Seyyidleri Üzen Mûsâ Beyin Sonu!
Mûsâ Bey emri dinlemedi!Mûsâ Bey bu emri dinlemedi, katırları vermedi. İkinci defâ haber gönderip;
"Benim nâmıma ve hatırıma versin" buyurdu.
Buna da karşı çıkınca, Seyyid Tâhâ büyük bir hiddetle;
"Cumâ gecesi gelsin de o vermesin görelim" buyurdu.
Cumâ gecesi, Nehri'den, talebeler gidip, neticeyi öğrenmek için nöbet beklediler. Meğer Mûsâ Bey, divânhânesinde kendine tâbi olanlarla oturmuş, Seyyid Tâhâ'nın evliyâlığını inkâr husûsunda konuşuyormuş.

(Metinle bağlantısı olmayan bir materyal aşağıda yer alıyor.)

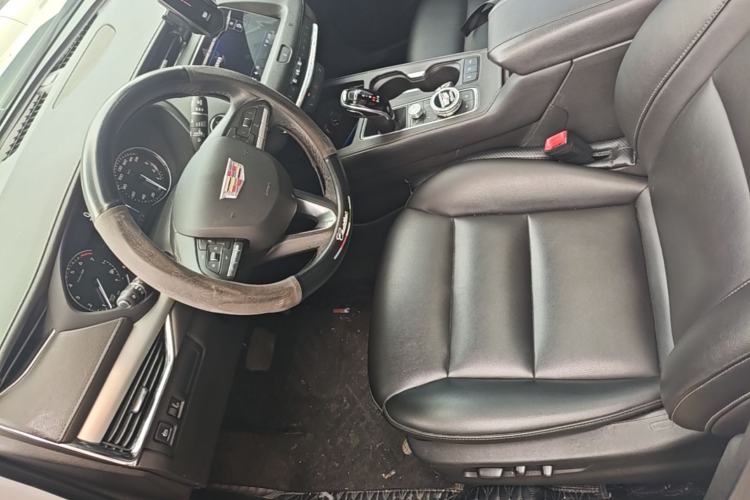 Used Cadillac XT4 2021 28T Two-Wheel Drive Leading Version Driver Seat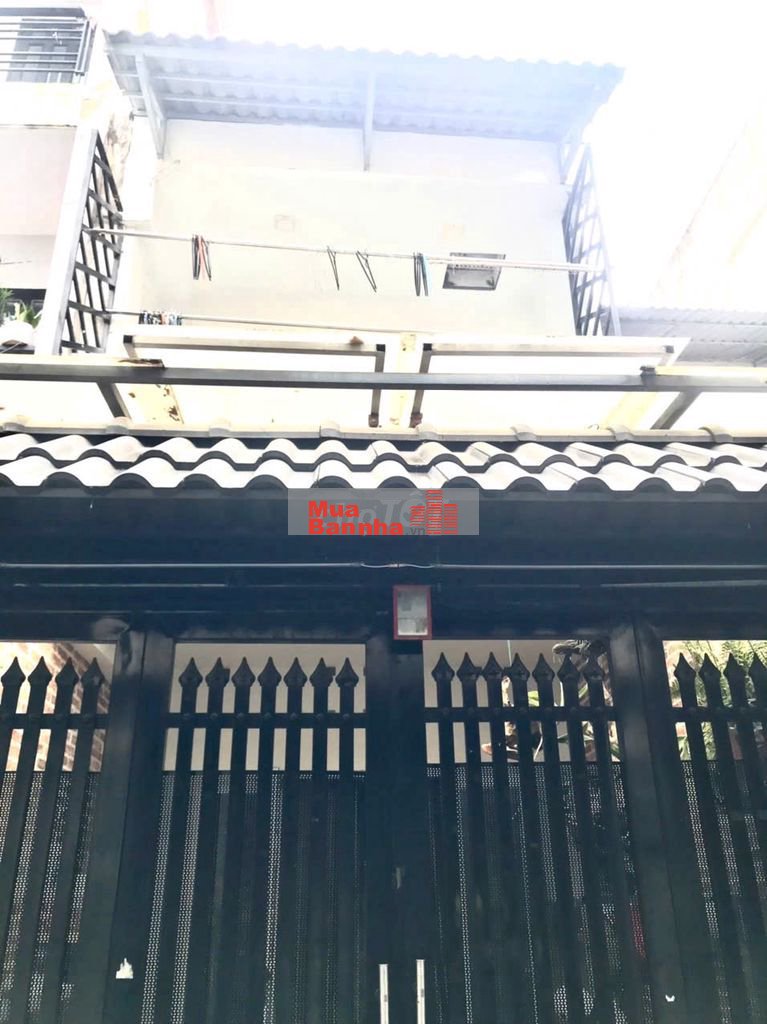 Cần Tiền Bán Nhà Hẻm 68 Đường Thích Quảng Đức , F5, Quận Phú Nhuận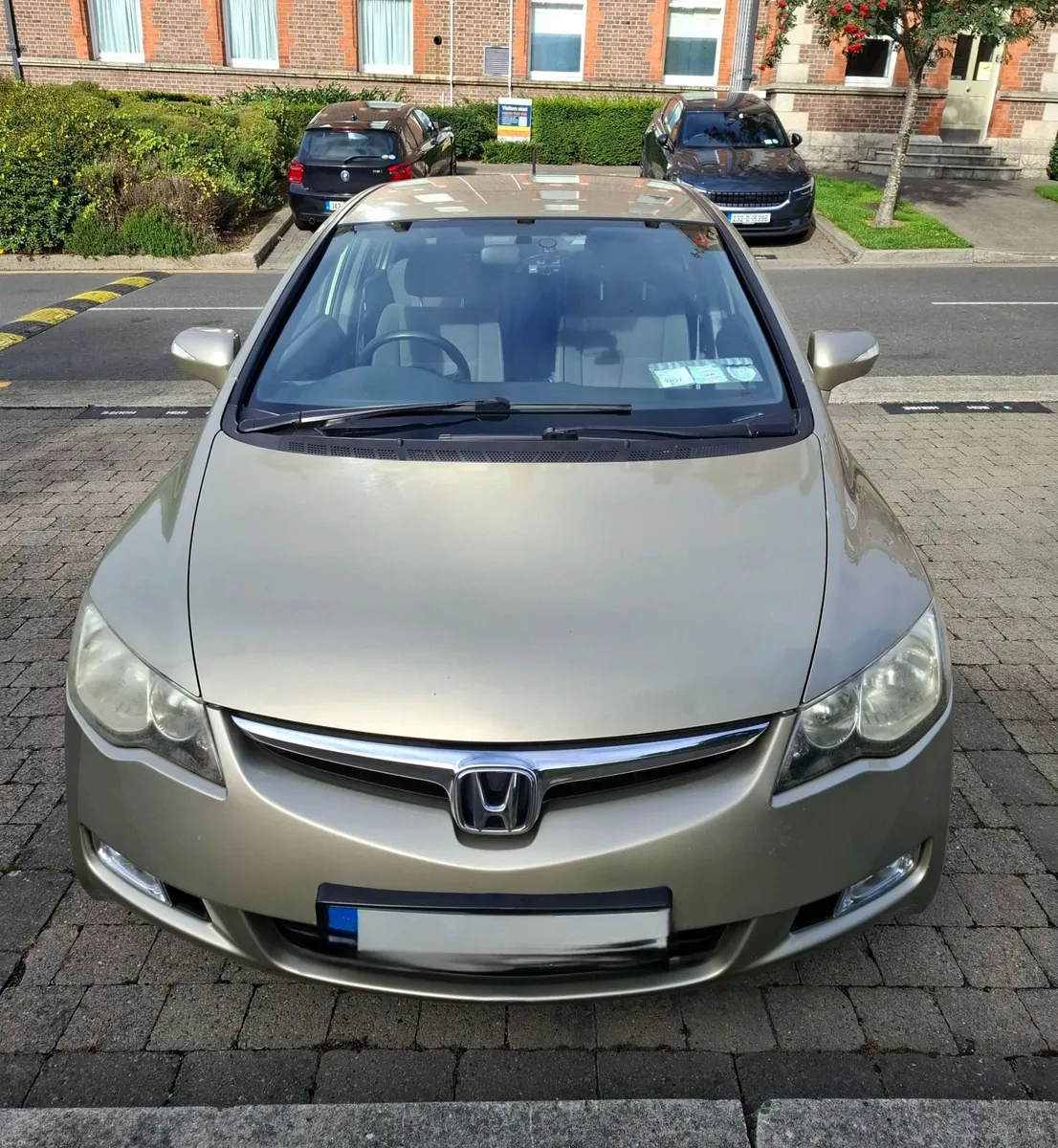Honda Civic 2008 - Image 1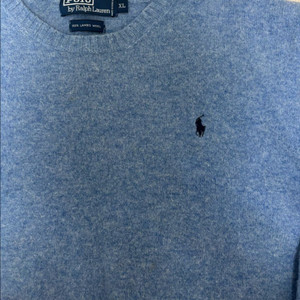 폴로 랄프로렌 니트 이미지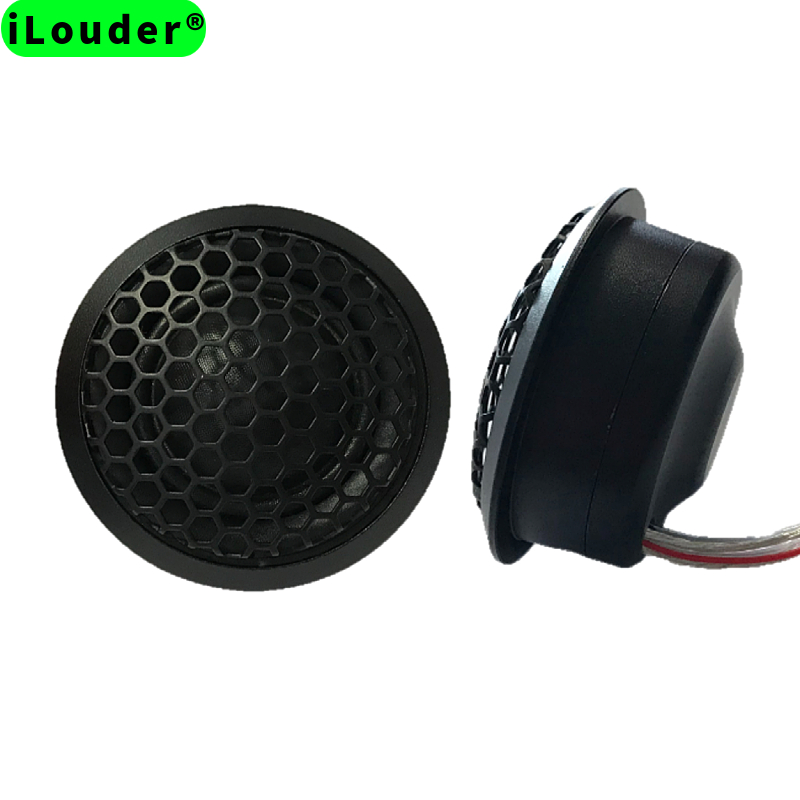 2-дюймовый высокочастотный дин – обзор и цена Car Audio Tweeter Silk Dome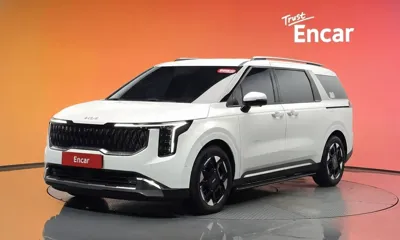 Kia Canival · 2024 год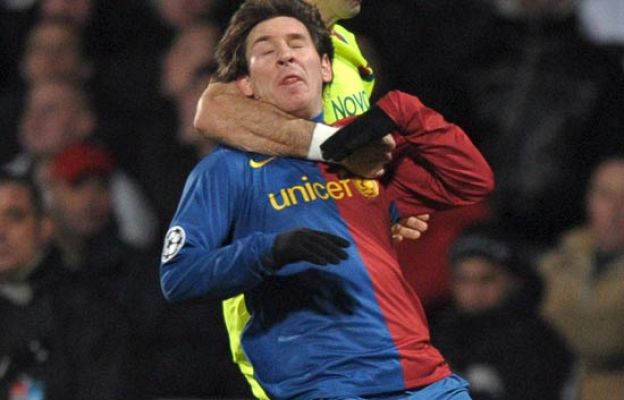  - Messi,¿al banquillo ante el Atleti?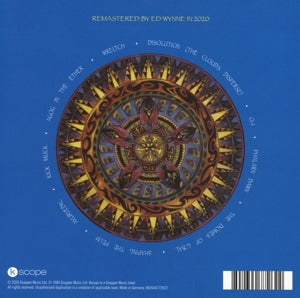 Ozric Tentacles – Pungent Effulgent | 0802644772622 | extra productbeeld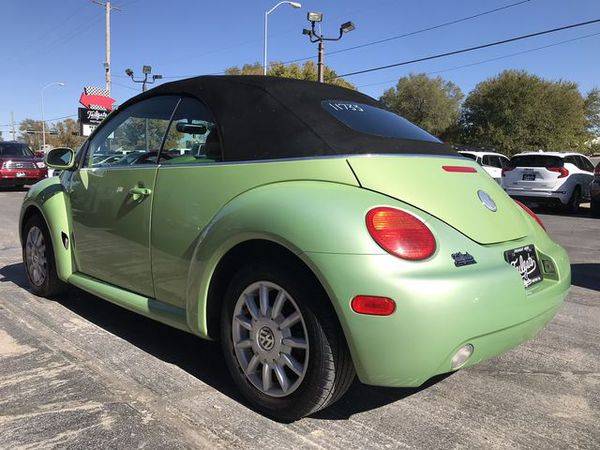 2005 Volkswagen New Beetle GLS Convertible 2D Serviced! Clean!... for sale in Fremont, NE – photo 7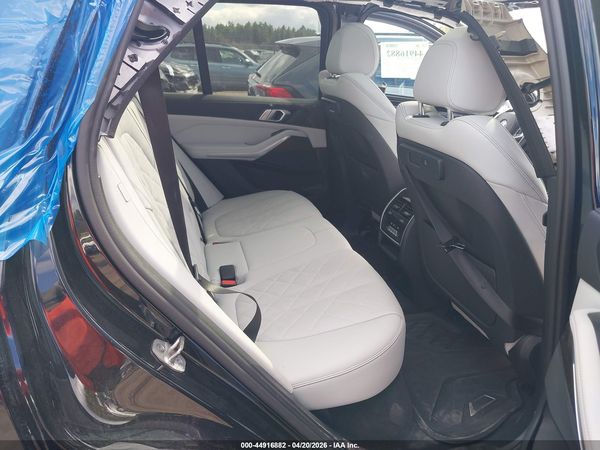 2023 BMW X5 XDRIVE40I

Bu fısk meclisinin bitişinden sonra, yatak odasına girip yatağına uzanırken, midesine bir ağrı girerek. "Karnım!.. Karnım!.." diye bağırarak can vermiş.
Bu durumun nereden kaynaklandığını iyi anlayan dokuz oğlu hemen Nehri'ye gelip, katırları yükleri ile birlikte teslim ederek Seyyid Tâhâ hazretlerine sığındılar. "Lütfen, merhameten babamızın defin merâsiminde bulunup, duâ buyurunuz" dediler. Onlara cevâben;
Kömür gibi bir ceset!
-Benim bulunmam, ona bir menfaat sağlamaz, buyurdu. Çocukları çok ısrar ettiler. Hazret-i Seyyid nihâyet kalkıp, cenâzeye gitti. Cenâzenin kapkara kömür gibi olduğu görüldü...
Definden sonra, Seyyid Tâhâ hazretleri;
-Benim gelişimden zerre kadar menfaatlenmedi, buyurdu.
Cenâb-ı Hak, bir seyyide hakâret etmenin onu üzmenin cezâsını nasıl verdi, bunu herkes açıkça gördü.